- **Work task**
Nothing but the lines from the one containing "Beige Queen Size" through the last line of the entries should appear in the output, each verbatim.

- **Record excerpts**
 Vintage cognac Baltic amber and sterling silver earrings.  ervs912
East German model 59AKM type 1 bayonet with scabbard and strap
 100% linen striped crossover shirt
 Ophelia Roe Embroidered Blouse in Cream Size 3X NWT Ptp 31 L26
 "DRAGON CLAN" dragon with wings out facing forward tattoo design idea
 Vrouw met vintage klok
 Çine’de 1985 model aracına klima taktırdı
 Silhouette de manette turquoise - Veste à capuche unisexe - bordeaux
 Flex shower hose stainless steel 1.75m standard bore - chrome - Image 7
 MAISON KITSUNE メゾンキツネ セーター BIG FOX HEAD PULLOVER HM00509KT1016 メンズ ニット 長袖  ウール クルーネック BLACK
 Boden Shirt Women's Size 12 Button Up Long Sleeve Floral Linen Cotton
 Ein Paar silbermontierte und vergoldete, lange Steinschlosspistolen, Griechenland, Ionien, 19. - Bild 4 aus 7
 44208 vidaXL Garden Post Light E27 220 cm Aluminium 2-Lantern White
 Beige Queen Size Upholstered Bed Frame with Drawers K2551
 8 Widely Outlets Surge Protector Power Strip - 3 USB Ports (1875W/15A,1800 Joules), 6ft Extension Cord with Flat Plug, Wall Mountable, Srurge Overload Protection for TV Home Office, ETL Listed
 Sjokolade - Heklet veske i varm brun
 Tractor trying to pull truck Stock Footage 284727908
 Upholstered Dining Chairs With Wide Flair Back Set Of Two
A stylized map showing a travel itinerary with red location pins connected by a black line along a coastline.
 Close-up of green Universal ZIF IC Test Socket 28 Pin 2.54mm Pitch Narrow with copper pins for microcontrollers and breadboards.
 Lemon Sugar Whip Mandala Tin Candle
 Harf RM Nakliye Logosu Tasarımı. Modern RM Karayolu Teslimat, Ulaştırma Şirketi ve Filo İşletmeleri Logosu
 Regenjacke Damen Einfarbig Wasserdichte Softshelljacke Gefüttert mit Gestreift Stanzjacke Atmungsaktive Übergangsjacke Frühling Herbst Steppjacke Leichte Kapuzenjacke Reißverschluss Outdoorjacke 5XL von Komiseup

- **Output for this exercise**
 Beige Queen Size Upholstered Bed Frame with Drawers K2551
 8 Widely Outlets Surge Protector Power Strip - 3 USB Ports (1875W/15A,1800 Joules), 6ft Extension Cord with Flat Plug, Wall Mountable, Srurge Overload Protection for TV Home Office, ETL Listed
 Sjokolade - Heklet veske i varm brun
 Tractor trying to pull truck Stock Footage 284727908
 Upholstered Dining Chairs With Wide Flair Back Set Of Two
A stylized map showing a travel itinerary with red location pins connected by a black line along a coastline.
 Close-up of green Universal ZIF IC Test Socket 28 Pin 2.54mm Pitch Narrow with copper pins for microcontrollers and breadboards.
 Lemon Sugar Whip Mandala Tin Candle
 Harf RM Nakliye Logosu Tasarımı. Modern RM Karayolu Teslimat, Ulaştırma Şirketi ve Filo İşletmeleri Logosu
 Regenjacke Damen Einfarbig Wasserdichte Softshelljacke Gefüttert mit Gestreift Stanzjacke Atmungsaktive Übergangsjacke Frühling Herbst Steppjacke Leichte Kapuzenjacke Reißverschluss Outdoorjacke 5XL von Komiseup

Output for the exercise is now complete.